» **WHAT TO WORK ON**
Transcribe word for word the lines below from the line with "1962 Yankees SouvenirAutograph Baseball" through the line with "Snapshot of nicolemorelli2", ends included.

» **TASK MATERIAL**

======

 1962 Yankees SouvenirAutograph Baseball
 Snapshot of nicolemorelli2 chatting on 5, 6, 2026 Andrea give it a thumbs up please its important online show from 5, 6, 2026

======

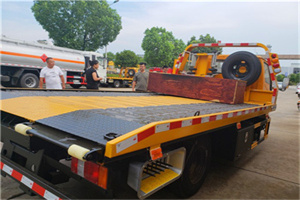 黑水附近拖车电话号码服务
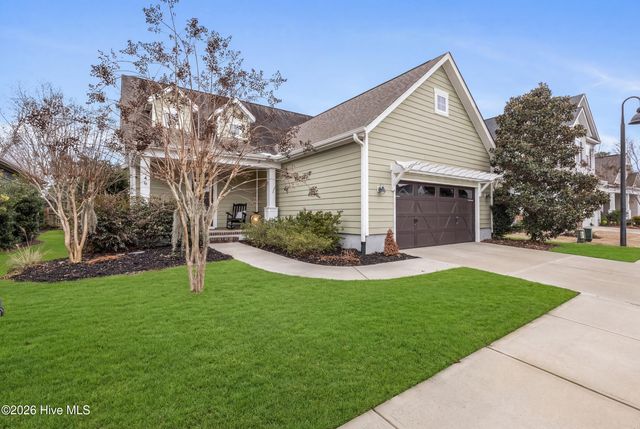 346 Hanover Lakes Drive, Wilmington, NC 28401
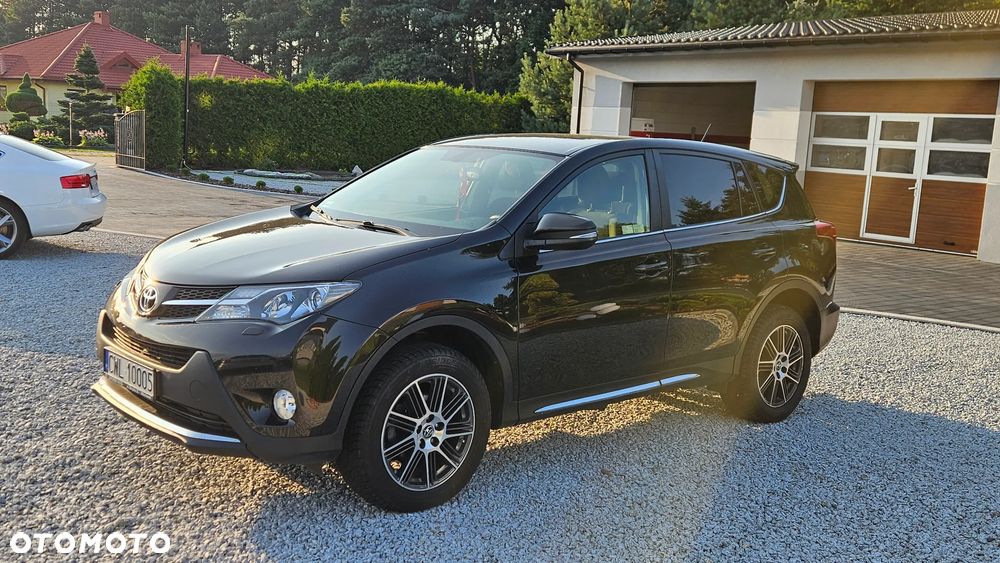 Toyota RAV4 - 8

======

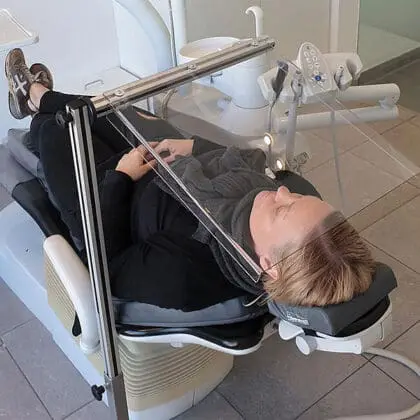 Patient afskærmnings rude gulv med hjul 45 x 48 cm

======

» **ANSWER**
 1962 Yankees SouvenirAutograph Baseball
 Snapshot of nicolemorelli2 chatting on 5, 6, 2026 Andrea give it a thumbs up please its important online show from 5, 6, 2026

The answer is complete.